İsmâil b. Ubeyd b. Rifâa"nın, babası aracılığıyla dedesinden naklettiğine göre, dedesi (Rifâa b. Râfi") Hz. Peygamber (sav) ile birlikte namazgâha gitmişti. Hz. Peygamber insanların alışveriş yaptıklarını gördü ve “Ey tüccar topluluğu!” diye seslendi. Onlar da Resûlullah"a karşılık verdiler. Başlarını kaldırıp gözlerini ona çevirdiler. Bunun üzerine Resûlullah şöyle buyurdu: “Allah"tan sakınan, iyilik yapan ve dürüst davrananlar hâriç, tüccarlar kıyamet günü günahkârlar olarak diriltileceklerdir.” (Tirmizî, Büyû", 4)
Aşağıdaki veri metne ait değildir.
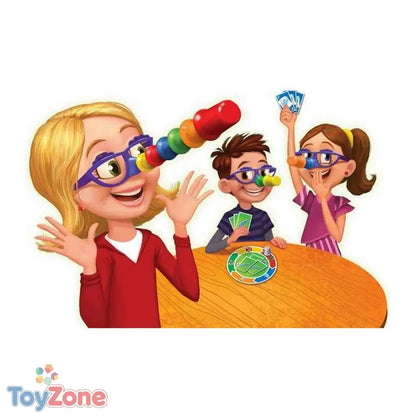 V12HD1D845F360A351D89A705305A1DCE468R7223491P3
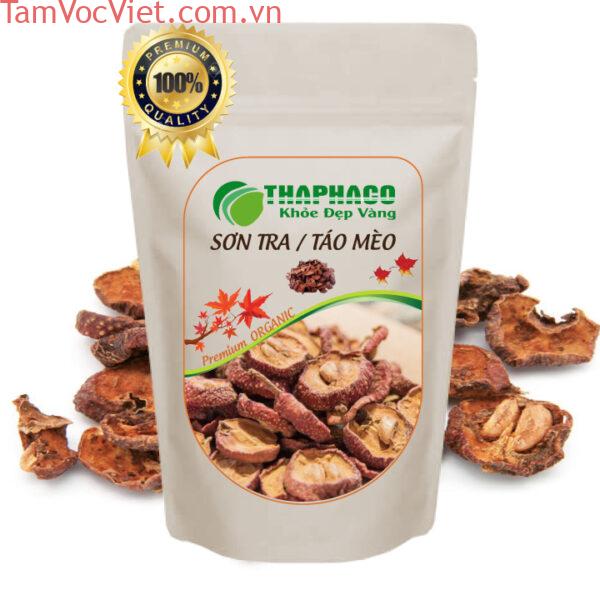 1️⃣Shop Mua Bán Táo Mèo Sấy Khô 100g【36k】Tại HCM™ & Toàn Quốc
Müteşebbis mükellefler, İslâm toplumunda kendilerinin ve bakmakla yükümlü olduğu kişilerin zarûriyyât, hâciyât, tahsîniyyât olarak tasnif edilen ihtiyaçlarını dolaylı-doğrudan karşılayabilme amacına yönelik gerçekleştirdikleri her türlü mal artırımının yani üretim faaliyetlerinin sonucunda elde ettiği kâr gelirinin, sadece ticarî faaliyetler sonucunda değil, Allah Teâlâ’nın takdiri ile gerçekleştiğinin bilincindedir. Zira Bakara Suresi’nin 269. ayeti ve Ra'd Suresi’nin 26. ayeti bu gerçeklik hakkındadır.
O, dilediğine hikmeti verir ve kime hikmet verilirse o kimse birçok hayra nâil olmuş demektir. Bunu ise ancak derin kavrayış sahibi olanlar düşünüp anlarlar (Bakara Suresi, 269. Ayet).
Allah dilediği kimselere rızkı bollaştırır da daraltır da. Onlar dünya hayatıyla sevinip mutlu oluyorlar, oysa âhiretin yanında dünya hayatı, geçici bir faydadan başka bir şey değildir (Ra'd Suresi, 26. Ayet).
Müteşebbis mükellefler, elde ettikleri gelirin Allah Teâlâ’nın takdiri ve tahakkuk etmesi sonucunda teşkil olduğunun farkında olduğundan, bu gelirin içerisinde İslâm toplumundaki diğer kimselerinde hakkının olduğunu unutmaz.
Yardım isteyenlere ve yoksullara mallarından belli bir pay ayırırlardı (Zâriyât Suresi, 19. Ayet).